Abstract
Despite much progress in training AI systems to imitate human language, building agents that use language to communicate intentionally with humans in interactive environments remains a major challenge. We introduce Cicero, the first AI agent to achieve human-level performance in Diplomacy, a strategy game involving both cooperation and competition that emphasizes natural language negotiation and tactical coordination between seven players. Cicero integrates a language model with planning and reinforcement learning algorithms by inferring players' beliefs and intentions from its conversations and generating dialogue in pursuit of its plans. Across 40 games of an anonymous online Diplomacy league, Cicero achieved more than double the average score of the human players and ranked in the top 10% of participants who played more than one game.
Meta Fundamental AI Research Diplomacy Team (FAIR)†, Anton Bakhtin, Noam Brown, Emily Dinan, Gabriele Farina, Colin Flaherty, Daniel Fried, et al. 2022. “Human-Level Play in the Game of Diplomacy by Combining Language Models with Strategic Reasoning.” Science, November, eade9097. https://doi.org/10.1126/science.ade9097.
Cicero is not particularly unexpected to me, but my expectations here are not driven by the scaling hypothesis. The result achieved here was not achieved by adding more layers to a single AI engine, it was achieved by human designers who assembled several specialised AI engines by hand.
So I do not view this result as one that adds particularly strong evidence to the scaling hypothesis. I could equally well make the case that it adds more evidence to the alternative hypothesis, put forward by people like Gary Marcus, that scaling alone as the sole technique has run out of steam, and that the prevailing ML research paradigm needs to shift to a more hybrid approach of combining models. (The prevailing applied AI paradigm has of course always been that you usually need to combine models.)
Another way to explain my lack of surprise would be to say that Cicero is a just super-human board game playing engine that has been equipped with a voice synthesizer.
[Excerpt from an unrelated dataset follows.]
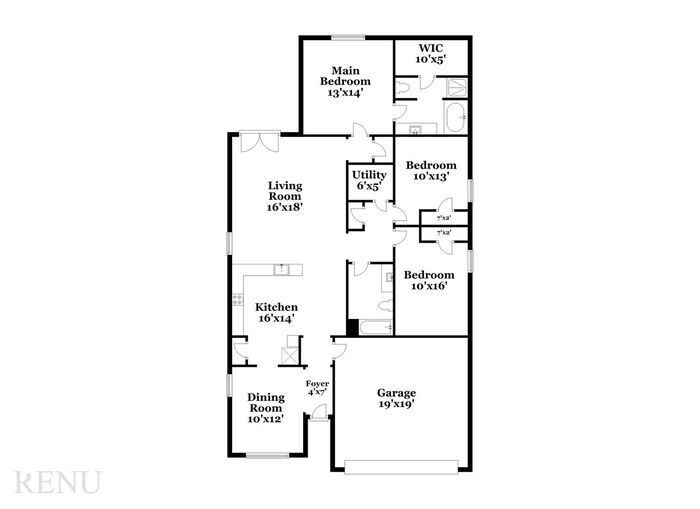 Building Photo - 10455 Red Cardinal Dr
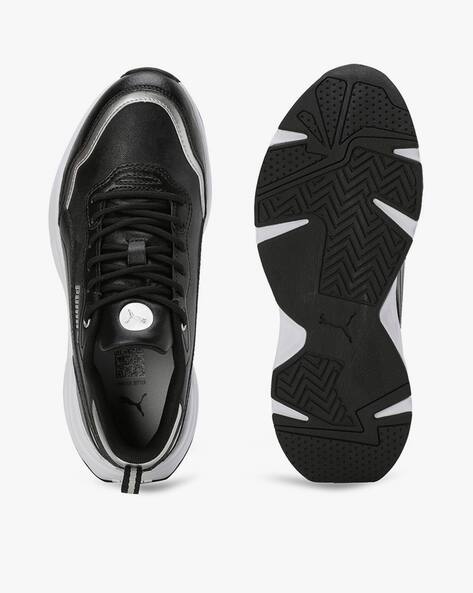 Buy Black Sneakers for Women by Puma Online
But I might be downplaying the achievement here.
I have not read any of the authors' or Meta's messaging around this, so I am not sure if they make that point, but the sub-components of Cicero that somewhat competently and 'honestly' explain its currently intended moves seem to have beneficial applications too, if they were combined with an engine which is different from a game engine that absolutely wants to win and that can change it's mind about moves to play later. This is a dual-use technology with both good and bad possible uses.
That being said, I agree that this is yet another regulatory wake-up call, if we would need one. As a group, AI researchers will not conveniently regulate themselves: they will move forward in creating more advanced dual-use technology, while openly acknowledging (see annex A.3 of the paper) that this technology might be used for both good and bad purposes downstream. So it is up to the rest of the world to make sure that these downstream uses are regulated.